Public service advertisement (PSA) for Autism Speaks, featuring renowned fashion designer Tommy Hilfiger.

Tommy Hilfiger and his wife Dee have more in common than just design success — they both have children affected with autism.

Hilfiger said that one of the reasons he chose to appear in a public service announcement for the philanthropy Autism Speaks was to honor his16 year-old daughter, Kathleen.

He said that she when was five years old, she was given the diagnosis of being “developmentally delayed.”
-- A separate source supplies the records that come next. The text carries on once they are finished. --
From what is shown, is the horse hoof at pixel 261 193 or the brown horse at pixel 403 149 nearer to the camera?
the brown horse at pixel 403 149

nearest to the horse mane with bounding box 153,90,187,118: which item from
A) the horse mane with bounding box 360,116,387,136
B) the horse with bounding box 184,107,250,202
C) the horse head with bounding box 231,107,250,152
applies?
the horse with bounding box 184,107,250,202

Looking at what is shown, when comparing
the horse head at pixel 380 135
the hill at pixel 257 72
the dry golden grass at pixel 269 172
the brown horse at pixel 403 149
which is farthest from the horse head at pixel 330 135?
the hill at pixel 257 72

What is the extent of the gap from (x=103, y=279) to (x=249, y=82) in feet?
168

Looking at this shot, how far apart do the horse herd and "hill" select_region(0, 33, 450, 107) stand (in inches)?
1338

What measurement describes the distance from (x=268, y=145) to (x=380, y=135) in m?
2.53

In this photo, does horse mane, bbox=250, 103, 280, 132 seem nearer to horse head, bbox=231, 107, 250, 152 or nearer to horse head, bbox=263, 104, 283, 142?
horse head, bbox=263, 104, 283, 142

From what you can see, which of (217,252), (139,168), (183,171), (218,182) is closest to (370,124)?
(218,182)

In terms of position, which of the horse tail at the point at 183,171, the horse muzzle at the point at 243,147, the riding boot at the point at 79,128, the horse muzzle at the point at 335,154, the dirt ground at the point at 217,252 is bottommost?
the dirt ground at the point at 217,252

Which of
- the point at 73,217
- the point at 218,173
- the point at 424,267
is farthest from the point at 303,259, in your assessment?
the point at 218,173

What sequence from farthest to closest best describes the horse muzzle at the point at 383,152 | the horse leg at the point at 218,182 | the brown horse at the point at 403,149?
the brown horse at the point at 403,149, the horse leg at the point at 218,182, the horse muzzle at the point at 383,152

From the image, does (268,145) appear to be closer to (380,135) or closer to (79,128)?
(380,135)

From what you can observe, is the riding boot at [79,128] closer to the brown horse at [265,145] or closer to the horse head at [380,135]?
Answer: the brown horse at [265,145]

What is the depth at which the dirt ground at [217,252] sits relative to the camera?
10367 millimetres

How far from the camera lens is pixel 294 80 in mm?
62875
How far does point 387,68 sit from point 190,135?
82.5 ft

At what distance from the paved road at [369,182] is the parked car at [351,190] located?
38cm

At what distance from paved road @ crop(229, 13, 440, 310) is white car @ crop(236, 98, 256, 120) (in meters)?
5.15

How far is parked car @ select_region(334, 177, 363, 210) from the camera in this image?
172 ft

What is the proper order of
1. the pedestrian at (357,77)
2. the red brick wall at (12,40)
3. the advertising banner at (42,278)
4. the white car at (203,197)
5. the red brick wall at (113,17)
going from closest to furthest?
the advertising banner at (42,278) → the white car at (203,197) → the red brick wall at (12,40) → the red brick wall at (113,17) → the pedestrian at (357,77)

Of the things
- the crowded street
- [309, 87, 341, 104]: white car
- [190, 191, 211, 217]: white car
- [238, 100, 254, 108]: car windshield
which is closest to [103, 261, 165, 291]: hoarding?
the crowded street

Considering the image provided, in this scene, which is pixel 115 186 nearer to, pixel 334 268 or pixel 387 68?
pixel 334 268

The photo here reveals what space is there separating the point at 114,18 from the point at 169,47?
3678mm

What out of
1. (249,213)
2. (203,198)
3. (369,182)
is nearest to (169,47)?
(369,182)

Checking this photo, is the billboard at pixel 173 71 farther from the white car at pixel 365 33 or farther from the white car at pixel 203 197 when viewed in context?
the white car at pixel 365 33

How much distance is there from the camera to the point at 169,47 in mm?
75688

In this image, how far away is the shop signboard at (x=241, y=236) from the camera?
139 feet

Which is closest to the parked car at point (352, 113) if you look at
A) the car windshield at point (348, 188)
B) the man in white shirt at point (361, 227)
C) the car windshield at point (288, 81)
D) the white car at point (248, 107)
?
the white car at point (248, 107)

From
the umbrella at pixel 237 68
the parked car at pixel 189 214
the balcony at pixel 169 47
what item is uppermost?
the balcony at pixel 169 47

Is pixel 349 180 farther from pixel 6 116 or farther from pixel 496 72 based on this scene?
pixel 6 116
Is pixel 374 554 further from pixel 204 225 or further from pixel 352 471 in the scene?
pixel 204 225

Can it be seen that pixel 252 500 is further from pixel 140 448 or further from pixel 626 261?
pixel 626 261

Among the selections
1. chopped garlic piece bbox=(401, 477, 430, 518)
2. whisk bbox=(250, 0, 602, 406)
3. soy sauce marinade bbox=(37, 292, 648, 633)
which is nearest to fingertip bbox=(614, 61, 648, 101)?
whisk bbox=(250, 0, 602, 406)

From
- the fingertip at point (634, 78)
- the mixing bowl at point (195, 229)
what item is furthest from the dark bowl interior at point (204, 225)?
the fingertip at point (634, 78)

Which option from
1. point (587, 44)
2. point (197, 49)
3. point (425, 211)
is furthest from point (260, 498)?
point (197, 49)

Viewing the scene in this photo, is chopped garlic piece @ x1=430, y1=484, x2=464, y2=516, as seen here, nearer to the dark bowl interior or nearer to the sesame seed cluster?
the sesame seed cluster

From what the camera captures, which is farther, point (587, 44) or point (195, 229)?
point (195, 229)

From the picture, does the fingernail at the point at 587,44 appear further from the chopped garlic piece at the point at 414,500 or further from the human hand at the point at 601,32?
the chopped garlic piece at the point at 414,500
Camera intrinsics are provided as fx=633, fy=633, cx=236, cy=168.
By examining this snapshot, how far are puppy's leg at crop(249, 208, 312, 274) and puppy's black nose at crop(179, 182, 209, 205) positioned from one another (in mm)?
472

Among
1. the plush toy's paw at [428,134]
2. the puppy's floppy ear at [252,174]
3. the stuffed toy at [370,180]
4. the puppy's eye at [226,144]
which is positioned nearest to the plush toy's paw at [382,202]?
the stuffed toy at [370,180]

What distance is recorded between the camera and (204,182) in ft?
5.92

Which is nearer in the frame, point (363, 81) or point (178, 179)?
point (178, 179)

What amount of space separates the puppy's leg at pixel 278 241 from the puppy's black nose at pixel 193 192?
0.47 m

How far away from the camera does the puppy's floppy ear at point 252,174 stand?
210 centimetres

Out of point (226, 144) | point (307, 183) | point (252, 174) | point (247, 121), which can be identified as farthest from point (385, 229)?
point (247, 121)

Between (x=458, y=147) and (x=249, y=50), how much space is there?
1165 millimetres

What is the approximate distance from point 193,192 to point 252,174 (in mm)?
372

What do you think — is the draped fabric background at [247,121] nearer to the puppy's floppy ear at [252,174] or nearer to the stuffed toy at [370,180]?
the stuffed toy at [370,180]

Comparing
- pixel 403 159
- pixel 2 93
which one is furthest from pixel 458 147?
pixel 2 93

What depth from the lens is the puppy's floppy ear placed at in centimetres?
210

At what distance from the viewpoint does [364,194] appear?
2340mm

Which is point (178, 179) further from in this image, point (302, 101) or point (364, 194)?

Despite seeing doctors at Harvard and Yale, he couldn’t get a grasp on what the trouble was.

BOYZ II MEN STAR TALKS ABOUT HIS SON’S AUTISM

Finally they discovered she was “on the spectrum of autism” — but it still left more questions than answers.

He’s proud of his “really smart” daughter who now attends a special school.

“She’ll come and wake me up in the middle of the night and ask, ‘Am I intelligent?’ or ‘Someone in school told me I was a retard, is that true?’ It’s just heart-wrenching.”

While he’s happy his daughter is getting the care and help she needs, he wishes that more people cared about autism.

“The government is not involved in it. People aren’t donating enough money. There’s not enough research,” he said. “There’s no cure. It needs help, so we’ve become involved.”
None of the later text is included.